CNDC 401 Collaborative Project (2-2) 3

In this course, student raise their skills of to collaborate with students of other creative disciplines in the process of a contemporary dance project. They will be paired with a student of other departments of the faculty or university and design their project as collaborated artist. They should study on context of their subject matters and how to project it into an art work together. Students will work together through the final presentation and evaluated as partners. The benefits of this course is to experience art practices in recent methods and forms especially in collaboration which is the most common approaches to creativity.

Reference Books

  • How to Collaborate? Questioning Togetherness in the Performing Arts, Ed. Silke Bake, Peter Stamer and Christel Weiler, Passagen Verlag Ges.M.B.H, 2016.
  • Artistic Research in Performance through Collaboration, Martin Blain, Helen Julia Minors, Palgrave Macmillan, 2020.
  • Collaboration in Performance Practice: Premises, Workings and Failures, Ed. Colin Noyale, Stefanie Sachsenmaier, Palgrave MacMillen, 2016.
  • Teaching Collaboration for the Performing Arts: A Collaborative Drama Program Designed for the Community College Level, VDM Verlag Dr. Müller, 2010. 

CNDC 403 Exchanged Experiences-Physical Theatre and Performance Art (2-2) 3

   As continuing course it is intended to meet students with experts of Physical Theatres and Performance Art -which are the most common kinds of artistic practices of our time- closer and collect knowledge from their personal experiences in the field. The guest artists, creators, leaders and academics are invited for workshops, lectures and seminars to our faculty. Students will have opportunity to communicate with, learn from and comprehend their unique approach to create physical theatre and performance art. The guests will chance to share their knowledge and expertise with the next generation. This encounter, nourishes mutually and expected to make remarkable impacts on each other’s artistic life.

CNDC 405 Ensemble Stage Production I (2-4) 4

   This course is organized as department coded shared course with all students of the faculty. As our education approach we concern our student’s performance quality and creative participatory as well as stage experiences very much.
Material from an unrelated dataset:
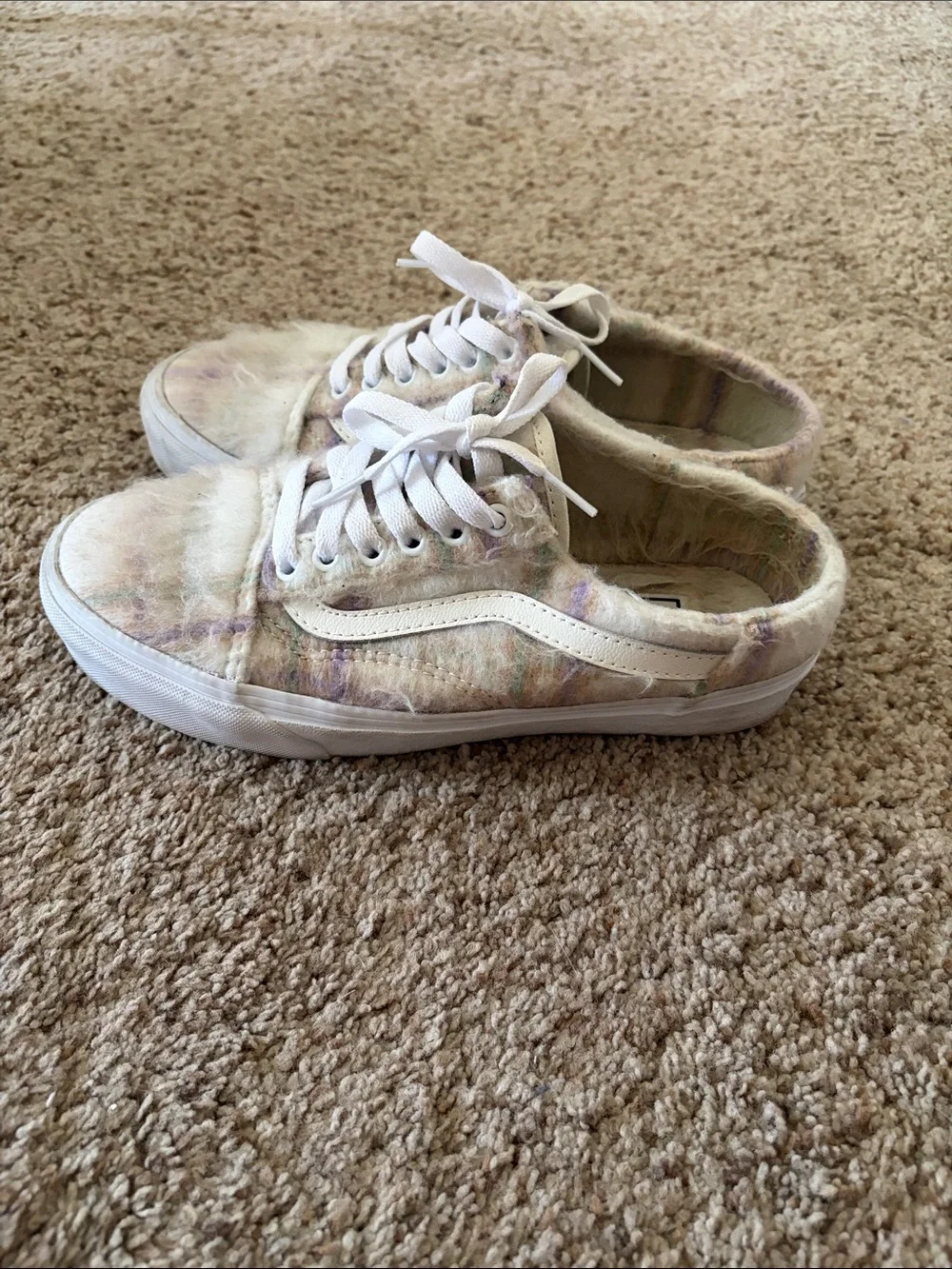 Vans Old Skool Plaid Fur Sneaker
So at the graduation year a full length interdisciplinary stage production will be designed and produced by our faculty and the students. Students work as groups or as ensemble led by three lecturers from each departments and the whole is artistically directed by chosen faculty member for that year. During the semester students, guided by lecturers in order to framing their creative work and processing it towards a completed production. This course is the first phase of creating an ensemble stage production which every fourth year students and faculty members be involved with in organizational co-operation and artistic collaboration. Therefore, the target of the course is to complete draft version of the production by the end of semester. Students will be evaluated by the group of lecturers through the term by their contribution and reliability as both creative performers for ongoing performance processes and production.

Reference Books

FOURTH YEAR

EIGHTH SEMESTER

CNDC 402 Graduation Project and Portfolio (2-2) 3

   The purpose of this course is to give students the opportunity of creating their own art piece from idea to performance including promotion and public presentation. Student are guided by their lecturers through the whole progress of creation till its performance on stage. They are expected to keep a journal through process. They learn how to promote themselves as artists and how to apply and behave in auditions within digital media and as printed materials. In addition to those, they perform their piece at least 4 times live and they may release the digital version of it in social media.

Reference Books

  • The Complete Audition Book for Young Actors: Comprehensive Guide to Winning Enhancing Acting Skills, Roger Ellis Meriwether Pub, 2003.
  • The Monologue Audition: A Practical Guide for Actors, Karen Kohlhaas, Nick Hern Books, 2009.
  • Dance Auditions: Preparation, Presentation, Career Planning, Eric Brandt Nielsen, Princeton Book Co Pub, 1983.  
  • Musical Theatre Auditions and Casting: A performer’s guide viewed from both sides of the audition table, Neil Rutherford, Methuen Drama, 2012.
  • See all The Audition Book: Winning Strategies for Breaking into Theatre, Film and Television, Ed Hooks, Back Stage Books,
  • 50 Tips: Audition Success, Graeme Pickering, 2019. 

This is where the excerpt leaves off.